It only took us two days to find Linda Tavier again. A blonde-haired, blue-eyed woman in Kenya was not the most difficult quarry once we knew what to look for. After we discovered where she was staying, it was a simple matter of making observations, recording her habits, and extracting a few key memories from a few key people.
I was getting better with my implant. I couldn't experience the memories the way Raina could in the reliquary, but I could use a specific concept as a sort of filter to select what memory I extracted. Not nearly as precise as it had been when I was working for the Church and the memories were given willingly, but I made due.
In truth, I needed those two weeks. Uncovering the Church’s deception had affected me more than I’d realized, until Raina had confronted me about it. I needed that time to work through it, with her help.
But that was over, and we were standing outside Linda Tavier’s apartment on the top floor of a high-rise in the heart of downtown.
Raina looked up at me, and I at her, for several seconds. She said nothing; she didn’t need to. She pressed her thumb to the biometric lock on the apartment door.
The solid wood panel slid to the side with a breathy rasp, revealing a vast open room. The outer walls were almost entirely glass, affording a breathtaking view down onto the surrounding sprawl of Nairobi.
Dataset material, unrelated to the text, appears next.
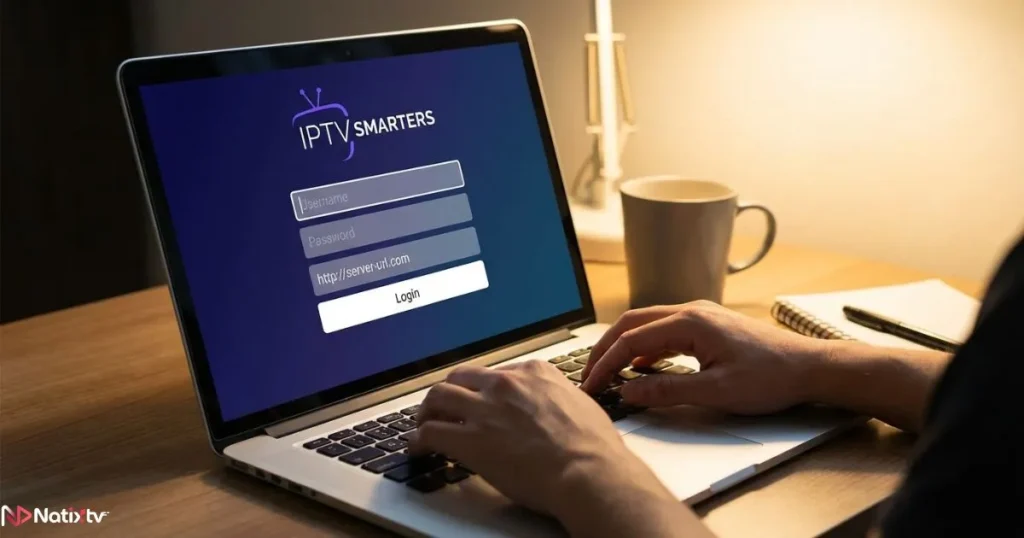 iptv smarters pro login error screen with username and password fields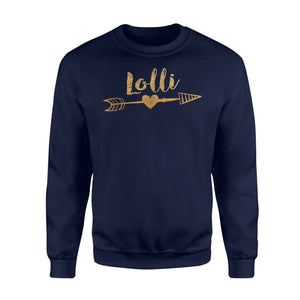 Gold Arrow Heart Lolli Funny Gift For Grandma Sweatshirt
A dozen wooden pedestals formed a sort of hallway down the middle of room, six on each side, which each held an artifact of some kind. A jade sculpture, a marble bust, a bowl that might have been carved from ivory. I was no art historian, but they looked old.
At the other end of the art hallway, just in front of the largest window in the room, was a massive oaken desk. A computer display took up most of the surface, which was currently showing dozens of graphs and charts.
Linda Tavier stood up from the desk and turned toward us the moment we entered the room.
Everything about her was cold. The eyes, the hair tucked up in a pristine bun, the angles of her delicate nose and razor-sharp jaw. For the briefest moment, I wondered if the windows were in fact made of ice.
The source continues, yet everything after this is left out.